UpNorth - Great question...

My humble opinion:

Soo Bahk Do Tang Soo Do Volumes 1 and 2 by Hwang Kee
     These books read like a text book for our art.  They explain every expect from how to move, when to move, and why we do things.  There are also a huge resource of Hyung.

Tang Soo Do by Kang Uk Lee
     This is my handbook for memory jogging.  It has all of the basic forms and into some of the black belt forms.  It is the most consice and easily transportable reference manual on our art in my opinion.  I've gone through 3 copies over the years.  I take this everywhere with me....you never know when you might need to look up a move from a hyung.

Living the Martial Way by Forrest E. Morgan
     I believe any martial artist should read this.  It appears frequently in any book thread on this site....so some others must share my opinion.

Small Circle Jujitsu by Wally Jay
     This is not a TSD book, but it has advanced my understanding and ability in self defense techniques ten fold.  After reading it and applying some of the basic techniques, I was able to execute our SD techniques much better and with a deeper understanding.

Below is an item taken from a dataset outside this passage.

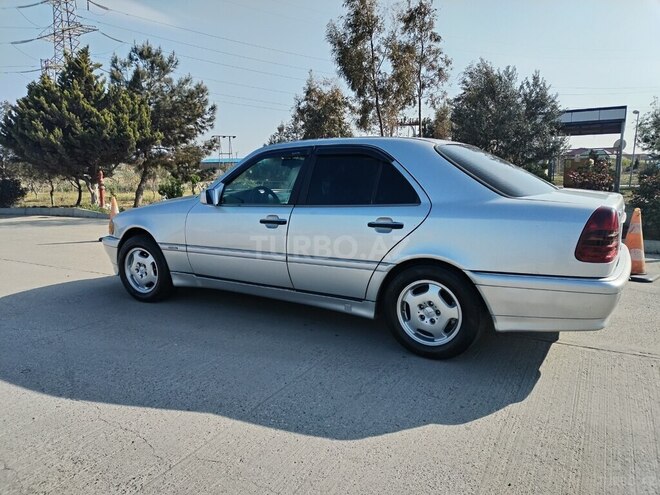 Mercedes C 220 d 1995, 220,000 km - 2.2 л - Bakı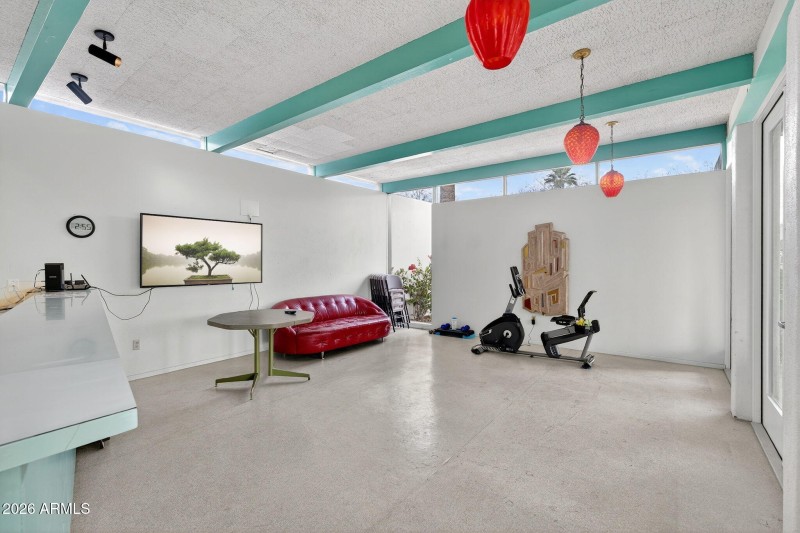 52-web-or-mls-10E Earll Dr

As a bonus, I strongly recommend having a copy of the Muye Dobo Tongji.  You will learn nothing about the execution of Tang Soo Do from reading it.  BUT, Hwang Kee based some of his work on it and it is definately a wealth of knowledge for Korean Martial Arts.  I found it very interesting.


----------



## DavidCC (Jul 12, 2007)

You guys just made my day 

I will be putting up the "Korean Arts" section of my on-line book store tonight and I don't want it to be too much TKD.  Please, list some more boosk on TSD and any other Korean styles!

The store is at www.kungfubooksonline.com.  Please stop by and give me some feedback (or by a book or some wasabi peas!)

thanks!
-David


----------



## Muwubu16858 (Jul 12, 2007)

"Soo Bahk Do Dae Gam" by *HWANG KEE*

"Kong Soo Do Baek Kwa" by *RYUSHO SAKAGAMI*

can't think of anymore right now...


----------



## JT_the_Ninja (Jul 13, 2007)

Of course I'd recommend C.S. Kim's _Authentic Tang Soo Do,_ but only by its reputation, and the trust I have in Master Kim, the head of my federation and one from whom I've taken class, occasionally. It's a bit out of my price range.


----------



## MBuzzy (Jul 14, 2007)

Does anyone own a copy of "Authentic Tang Soo Do" by Kim, C.S.?  I keep meaning to buy it, but was curious if there are any reviews out there.  How does it compare to the other texts on the market?


----------



## Yossarian (Jul 21, 2007)

Some great books mentioned allready, one I found really usefull in helping me understand out Hyung was Iain Abernethy- Bunkia Jutsu.


----------